Но, имея такъ много общаго другъ съ другомъ, эти два человека въ некоторыхъ отношенiяхъ были глубоко различны. Елисеевъ рисуется намъ натурой дельной, какъ бы высеченной изъ одного куска. H. К. Михайловскiй характеризуетъ его такъ: "Демократизмъ Елисеева былъ не деломъ только принциповъ и убежденiй, а самихъ инстинктовъ"; онъ былъ "какъ бы самъ народъ, собственными усилiями пробившiйся Къ свету и достигшiй- верховъ самосознанiя"; онъ "проще и непосредственнее относился поэтому къ народу" ("Литер. воспом. и соврем. смута", т. I). Некрасовъ, при всей глубине и искренности своей любви къ народу, при всемъ несравненномъ знанiи народной жизни и психики, лишенъ былъ такой непосредственности. Елисеевъ всегда чувствовалъ себя равноправнымъ членомъ того народа, для котораго всю жизнь работалъ; Некрасовъ никогда, въ сущности, не переставалъ чувствовать себя бариномъ-интеллигентомъ, находящимся въ неоплатномъ долгу передъ народомъ...

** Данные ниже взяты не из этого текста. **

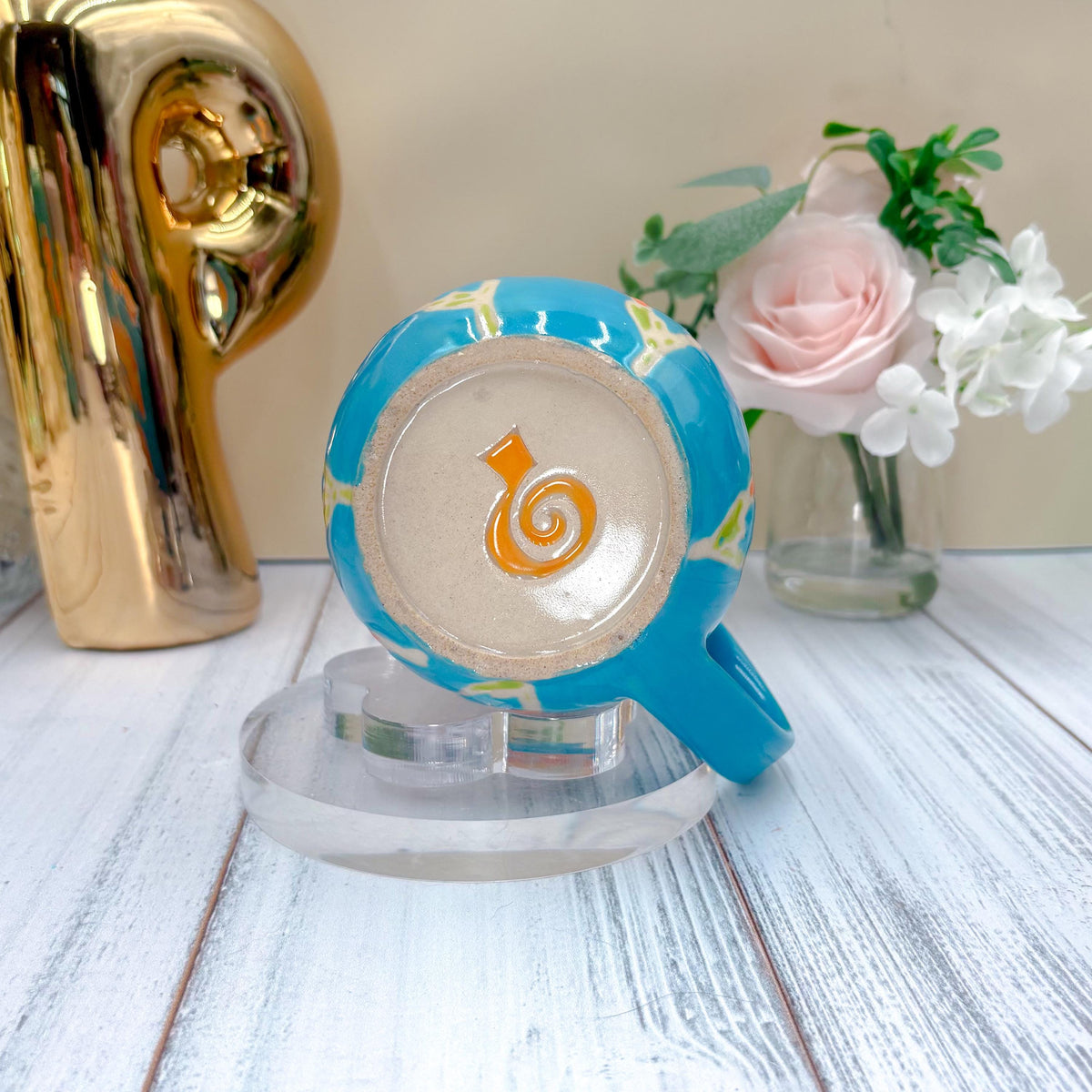 Teal Iris Ceramic Mug, Orange Iris Ceramic Mug, Flower Lover Gift, Orange Iris Flower, Gardener Gift Idea, Flower Home Decor, Cute Mug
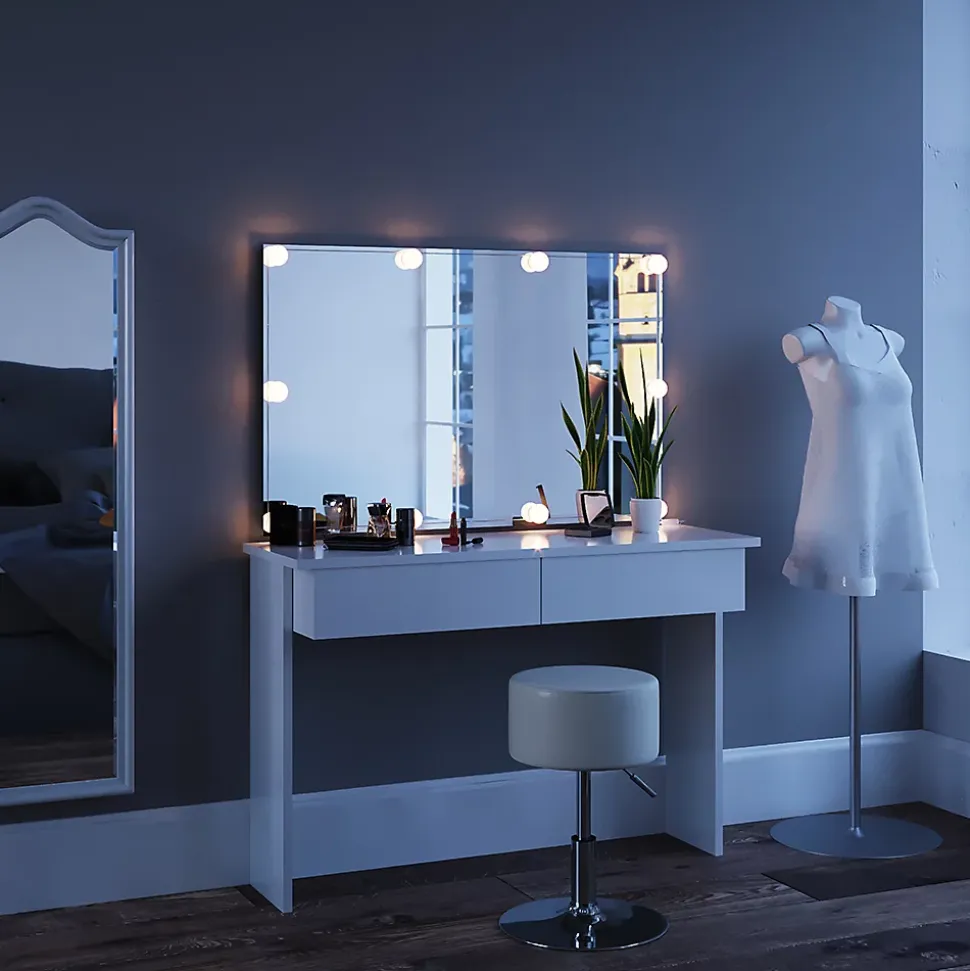 Vicco Coiffeuse Blanc 120cm avec éclairage LED et tabouret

Эта черта, которую Успенскiй назвалъ "больной совестью", более приближала Некрасова къ поколенiю младшему, нежели старшему. Герой-рабъ, не чуждый порой самой трезвой и даже черствой положительности, умелъ въ то же время до страсти, до злобы ненавидеть эту свою положительность, и более "тяжкой работы совести", чемъ его скорбно-покаянныя песни, вплоть до 70-хъ годовъ русская литература не знала. Въ глазахъ юныхъ современниковъ Некрасова покаянная нота его поэзiи была не недостаткомъ "величiя" въ характере поэта, а, напротивъ, лучшимъ правомъ его на безсмертiе. Къ сожаленiю, выяснить все огромное значенiе "музы мести и печали" для самой жизни русской сможетъ лишь более или менее отдаленная исторiя; она же произнесетъ и окончательный приговоръ Некрасову, какъ человеку и гражданину.